トレンド、機会、脅威を事前に特定し、計画することができれば、それらへの対処について事前のアプローチをとることができます。そこで役立つのがホライズンスキャニングです。
食品・小売部門では、ホライズンスキャニングを活用することにより、食品生産の動向や、食品生産に影響を及ぼすと予測される事件、あるいは食品偽装の可能性に関する情報を得られます。気候変動はその一例で、特定の原料の入手可能性を低下させたり、価格を押し上げたり、 詐欺のリスクを高めたりする可能性があります。
ホライズンスキャニングの種類
しかし、ホライズンスキャニングには具体的にどのようなプロセスがあるのでしょうか。 国連の食糧・農業機関は、3種類のホライズンスキャニングを定めています:
• 手動スキャン
手動スキャンはおそらく最も一般的に使用されている形式であり、特定の問題に関連するさまざまな情報源に目を通し、調査することを意味します。手動スキャンは、一貫した構造と頻度がある場合に最も効果的で、任意の期間における推進要因とトレンドの追跡・特定が可能です。
これと並行して専門家の検証を求めることで、手作業によるスキャンだけのときに比べてより強固で実行可能な結果が実現します。
•ベスト・ワースト・スキャン
ベスト・ワースト・スキャンは通常は医療技術に適用され、資金援助のための主要技術の優先リストの作成に用いられます。優先順位は、あらかじめ設定された基準について専門家の意見を収集することで決定されます。

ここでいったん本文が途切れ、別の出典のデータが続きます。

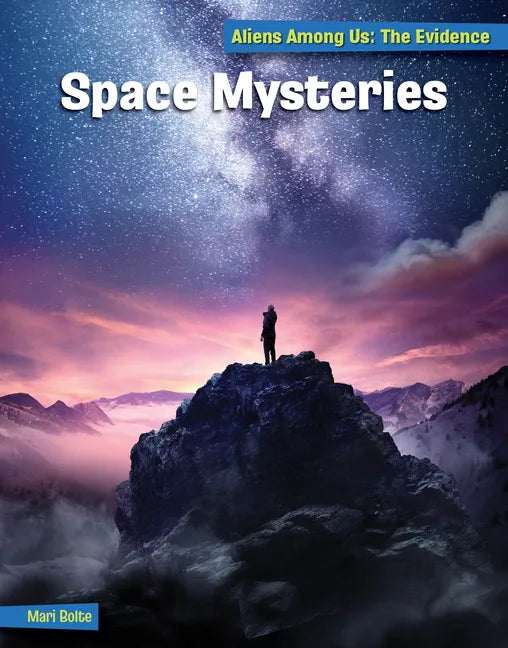 Space Mysteries - Paperback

ベスト・ワースト・スキャンでは専門家による知識と定量的分析を大量に得られる一方で、有用な結果を得るためには調査対象者に多くの時間を割かせる必要があります。
• 専門家によるコンサルティング
専門家によるコンサルティングの方法にはいろいろありますが、一般的には、対面、オンライン、またはアンケートを通じて専門家から意見を収集し、特定のトピックに関連するトレンドや推進要因を特定するのが主流です。
ほとんどの場合、このコンサルティングは、専門家が強調した新たな問題への優先順位付けに用いられます。
振り返ることで前進する
ホライズンスキャニングを効果的に行う上で必要なものは将来予測だけではありません。組織の歴史を振り返ることも、効果的なトレンド追跡において重要な役割を果たします。過去ログ、過去の傾向、先行研究の調査、これらはすべて今後の展開の予測に役立つものです。
過去と将来の両方に目を向けることで、組織では新たな課題の特定と最初に行動する機会の取得を通じ、課題を回避または軽減するための業務方針の策定を実現できます。
意思決定プロセスにおいて早期に特定、評価、優先順位付けを行っておくと、定期的に変化する食品安全要件に効果的に対応することができるようになります。また、事前のリスク軽減計画を策定することで、問題が発生する前に管理できるようになります。つまり、ホライゾンスキャニングを導入することで、どんなことが起こっても対応できるようになるのです。